Configure your script

  • Add backup.sh to your desired path on your server (ideally, above a public directory and with root access) -- do not store backups in publicly accessible directories, for obvious reasons.
  • Create a database user with root access (tweak privileges accordingly; ideally this user will be only used for backups!)
  • Add database credentials to backup.sh and specify where you'd like to store your backups (again, DO NOT store them in publicly accessible directories!) - if you're using the default paths set in the script, ensure you create the folders as they are not native
  • Add the directories you want to exclude by changing the --exclude='/var/www/exclude_dir' and --exclude='/var/www/exclude_dir1' lines, respectively.
  • To change the frequency in which your backups are automatically purged, adjust -mtime +5 to whatever you want; ie. to purge 7 day old backups, change to: -mtime +7

## Install Add a cron, if you wish for the script to be run nightly:

As root, run:

1)crontab -e to open the cron editor

2) Add to the bottom of the crontab:

 45 2 * * * /your/path/backup.sh` to run a backup every morning at 2:45am

3) Ensure the file is executable:

 chmod +x /your/path/backup.sh

4) Test it: sh /your/path/backup.sh and you should see the backup progress in your terminal.

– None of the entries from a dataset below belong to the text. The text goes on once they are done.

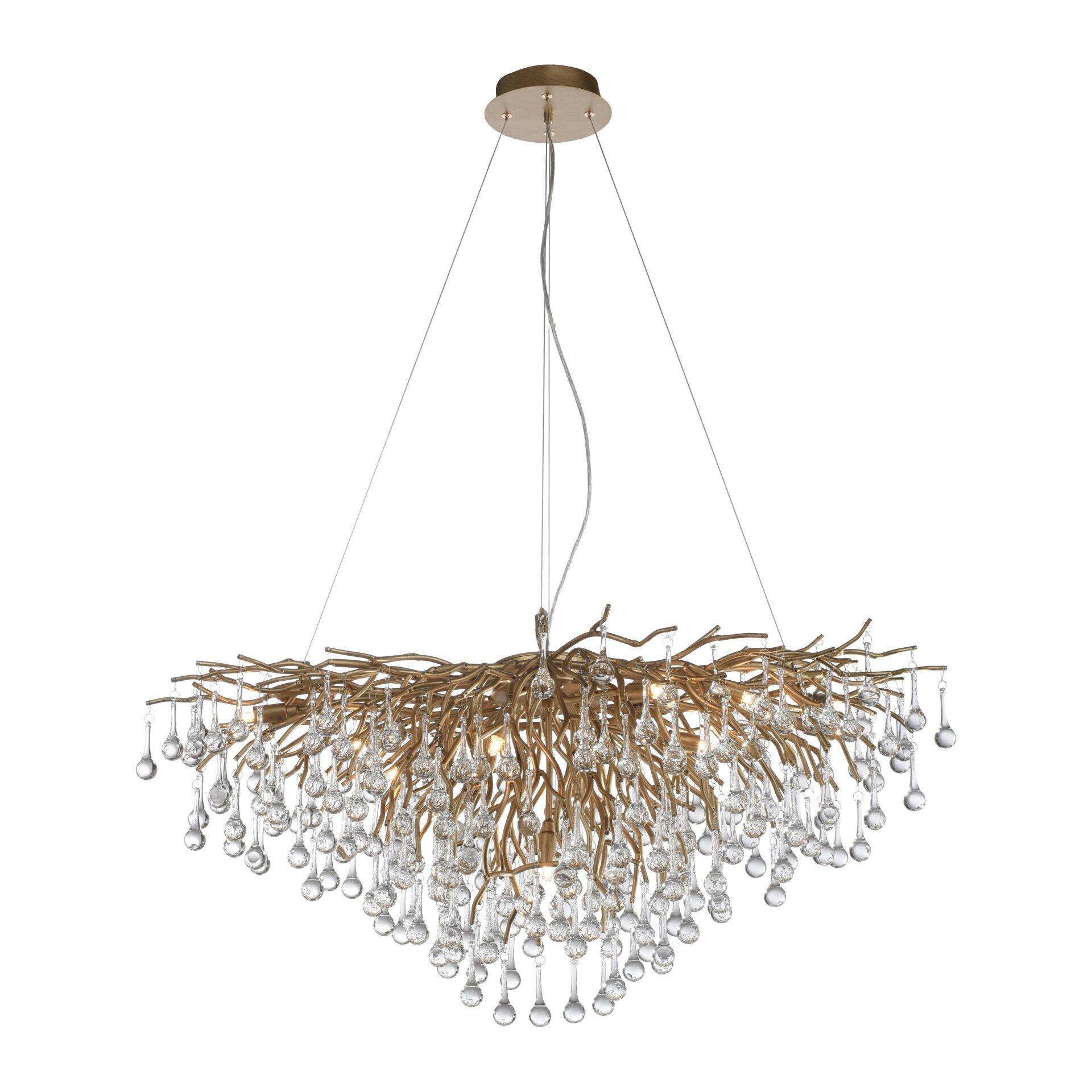 Kronleuchter Icicle: Filigrane Hängeleuchte mit goldenen Metallästen und zahlreichen Kristallperlen, die das Licht reflektieren und brechen.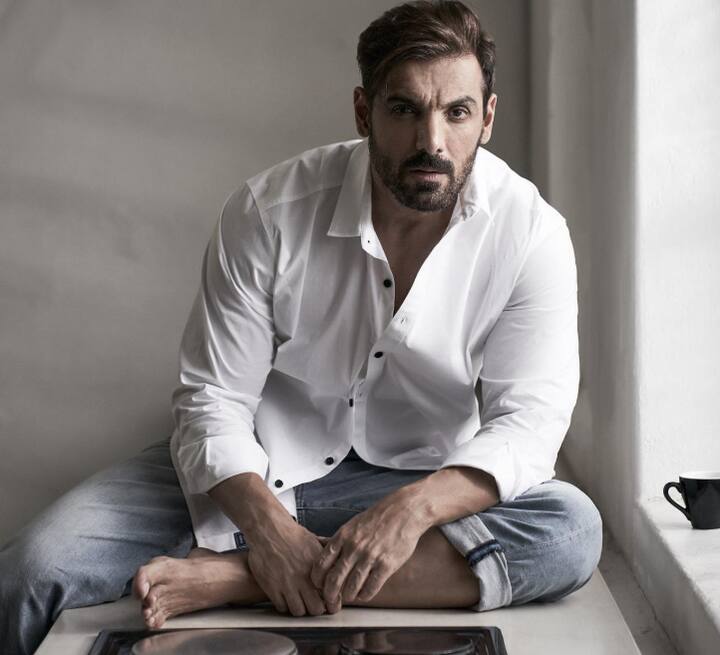 धूम में जॉन ने विलेन कबीर का किरदार निभाया था और अपनी शानदार परफॉर्मेंस से धूम फ्रेंचाइजी में एक बेंचमार्क सेट किया. जॉन फिल्म की सफलता के साथ एक स्टार बन गए थे.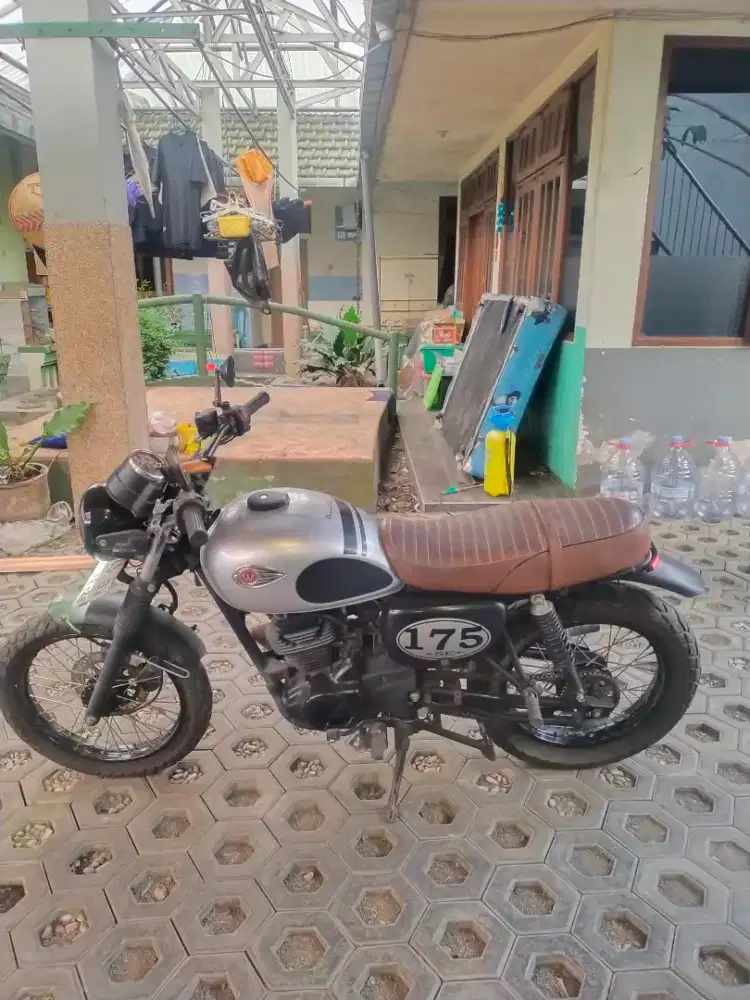 Kawasaki W175 tahun 2018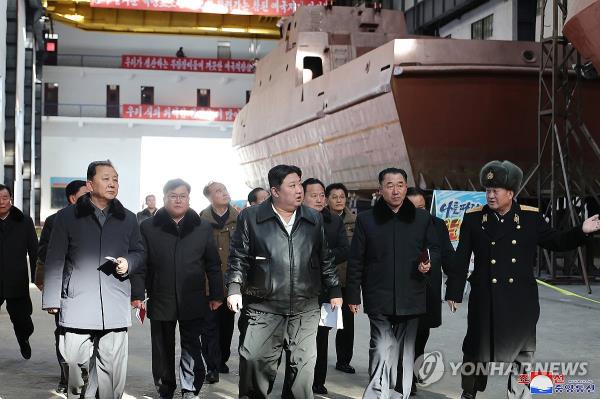 North Korean leader Kim Jong-un (C) visits the Nampho Dockyard, in this photo carried by the Korean Central News Agency on Feb. 2, 2024. (For Use o<em></em>nly in the Republic of Korea. No Redistribution) (Yonhap)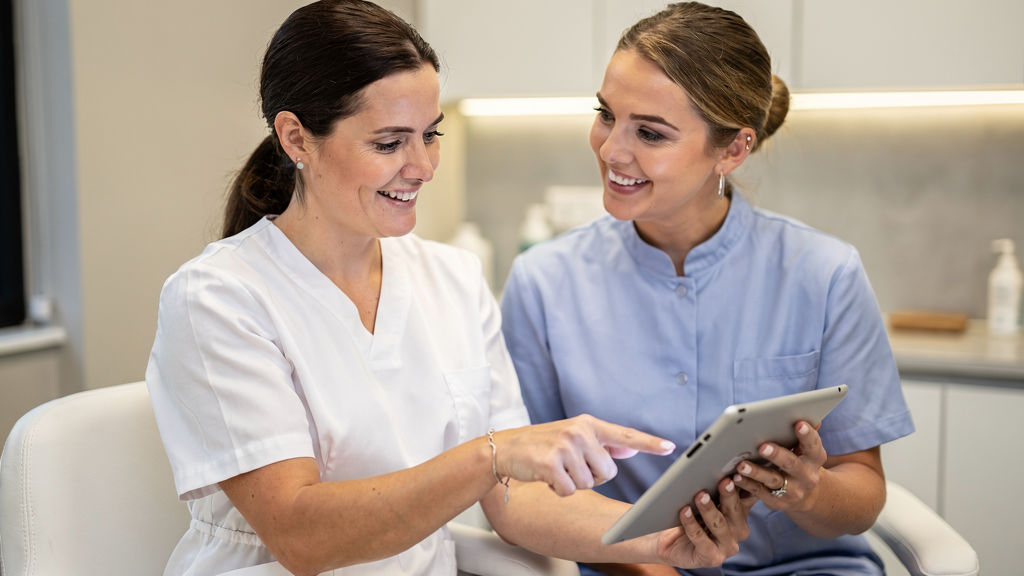 Teeth Whitening Income & Pricing Guide (Australia)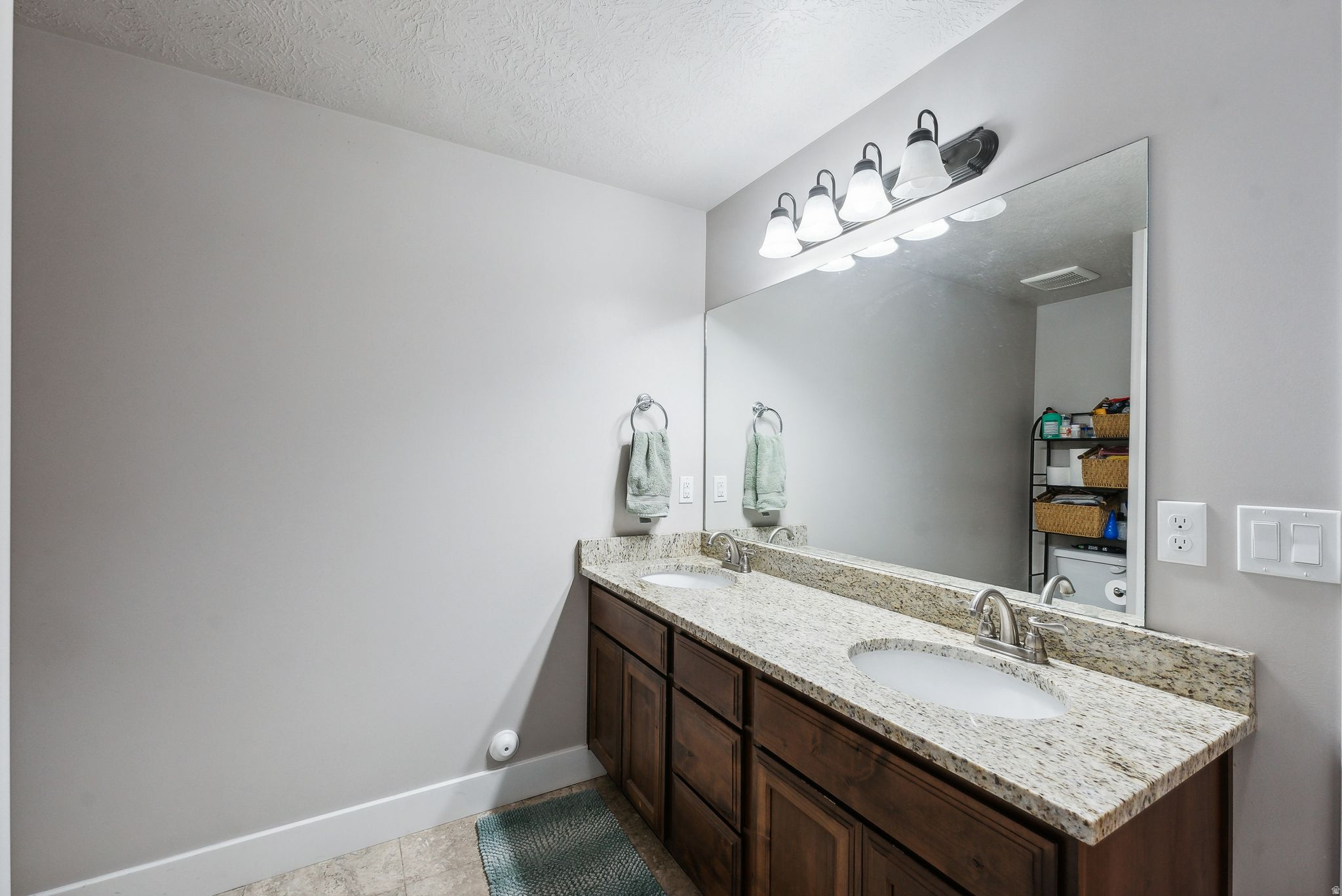PIPER GLEN - Residential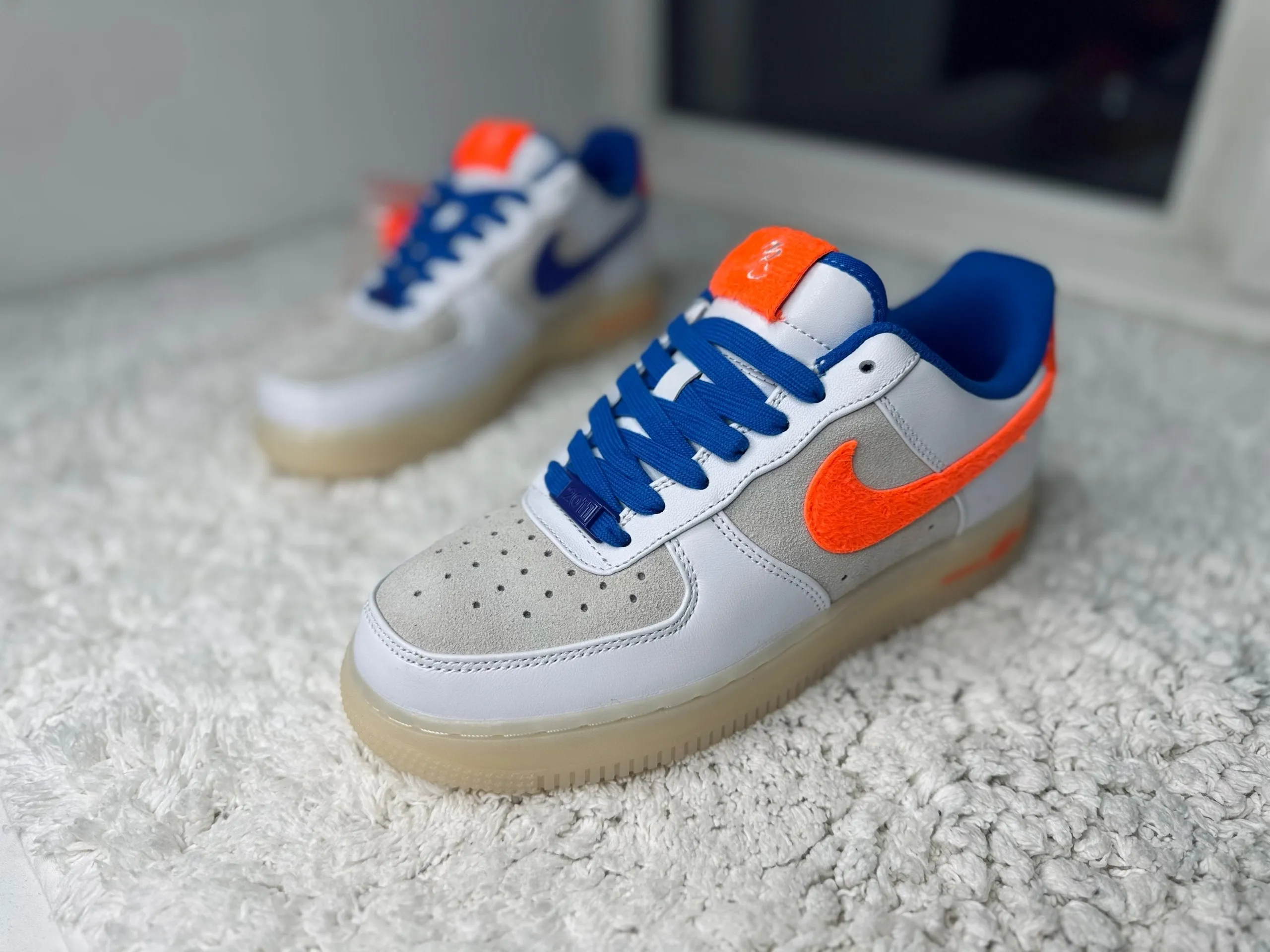 Nike Air Force Low белые с оранжевым с синим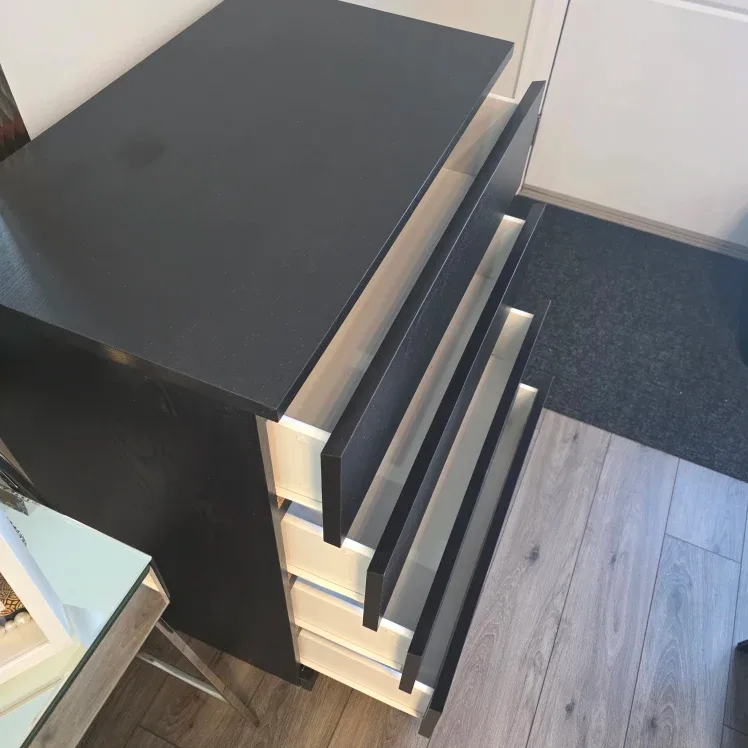 Ikea Malm 4-Drawer Dresser image indicator(5)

###### Notes If you're using this script to backup your configuration or home directories of your Linux desktop, you won't need root access to enable the cron or backup location, so as long as you're saving the backups to a non-root directory (just make sure you don't save them to a folder where the backup will be scraping from, else you'll end up with major bloat).

###### Known Bugs The database backup saves the file as data; should you need to use it, just rename to data.sql - Probably something I could fix inside the script, but it's at the bottom of my to-do list, for now. Any backups I've restored from these automated backups has restored flawlessly.